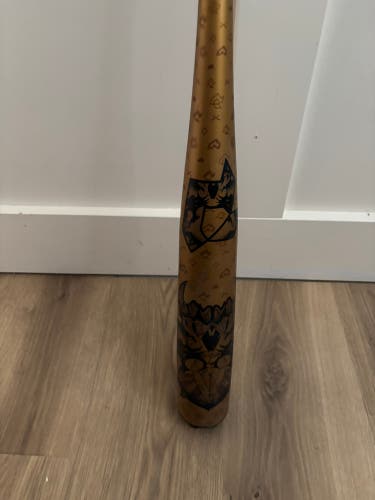 2023 DeMarini Voodoo One Alloy BBCOR Certified Bat (-3) 30 oz 33" (Used)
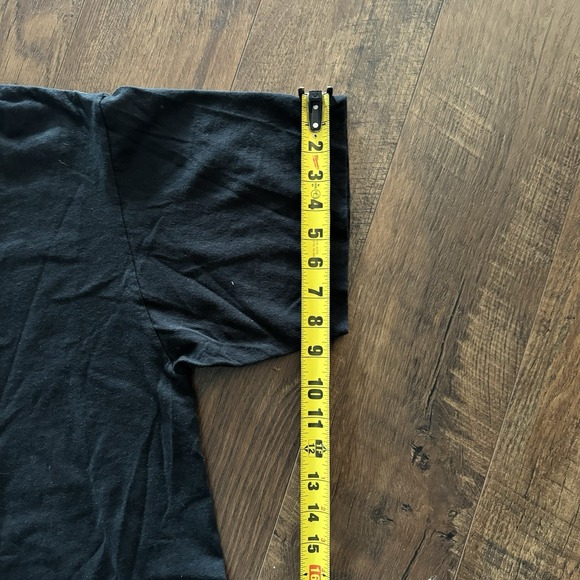 Vintage Stussy Crown T-Shirt 00s Y2K Tee S Crown Logo Nuff Respect Due Men's XL - Picture 9 of 11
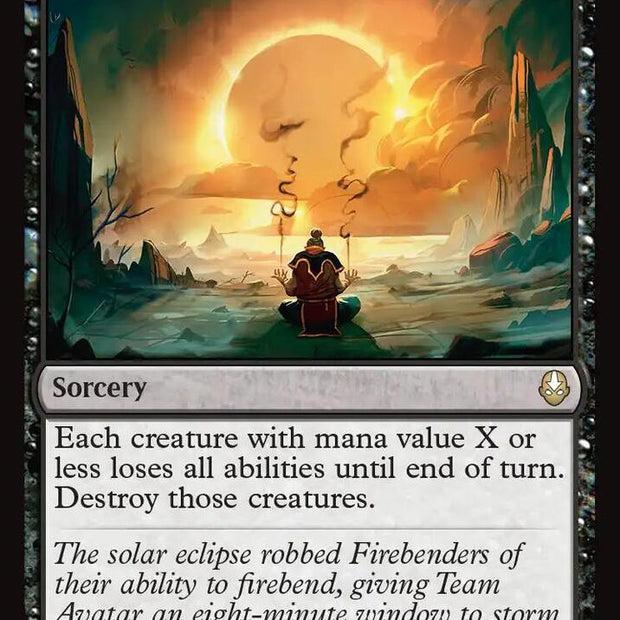 Day of Black Sun 94 (Avatar: The Last Airbender)  - Foil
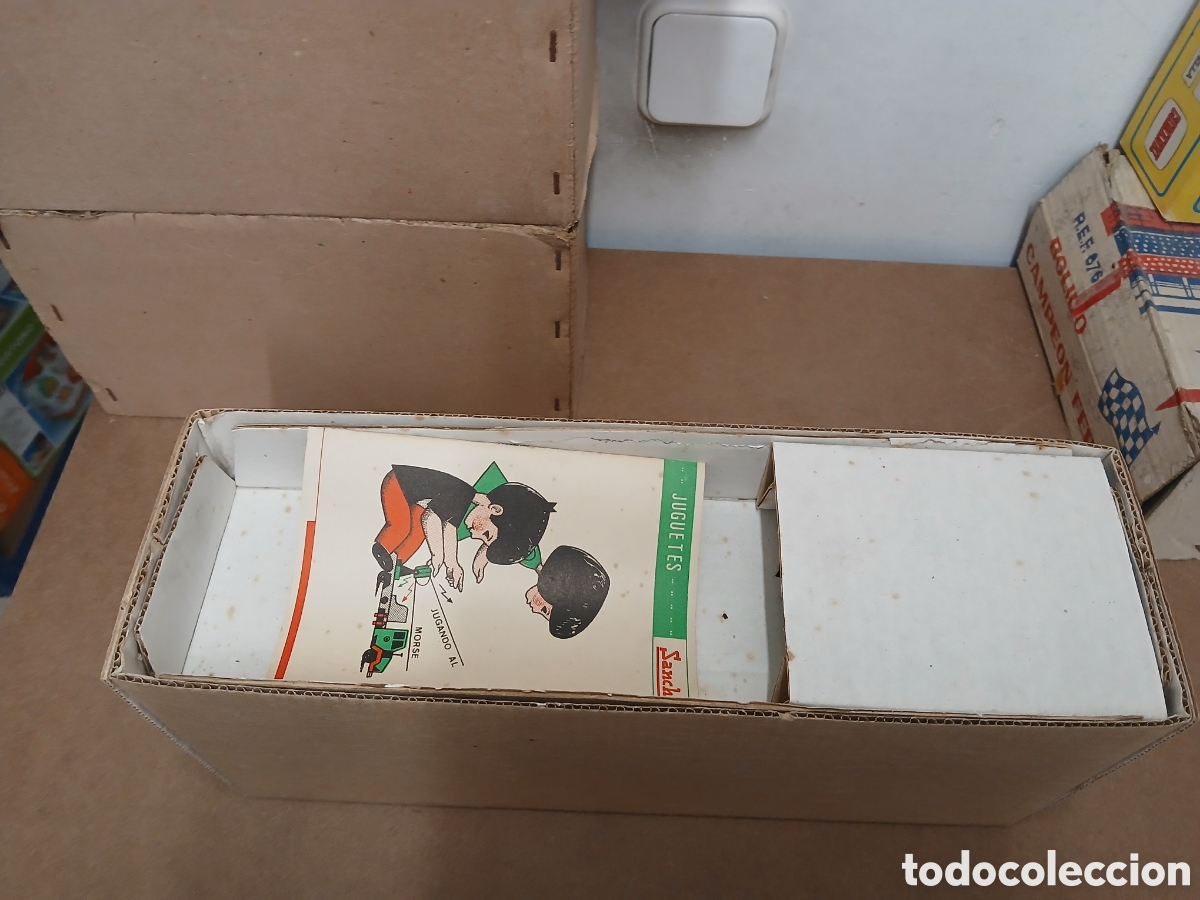 Juguetes antiguos Sanch&iacute;s: Camion sanchis de Transmisiones ref-220 nuevo - Foto 3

____________________

▶ _Exercise directions_: Restate the whole listing exactly as written, minus the pictures.

▶ _Response to the task_:
 2023 DeMarini Voodoo One Alloy BBCOR Certified Bat (-3) 30 oz 33" (Used)
 Vintage Stussy Crown T-Shirt 00s Y2K Tee S Crown Logo Nuff Respect Due Men's XL - Picture 9 of 11
 Day of Black Sun 94 (Avatar: The Last Airbender)  - Foil
 Juguetes antiguos Sanch&iacute;s: Camion sanchis de Transmisiones ref-220 nuevo - Foto 3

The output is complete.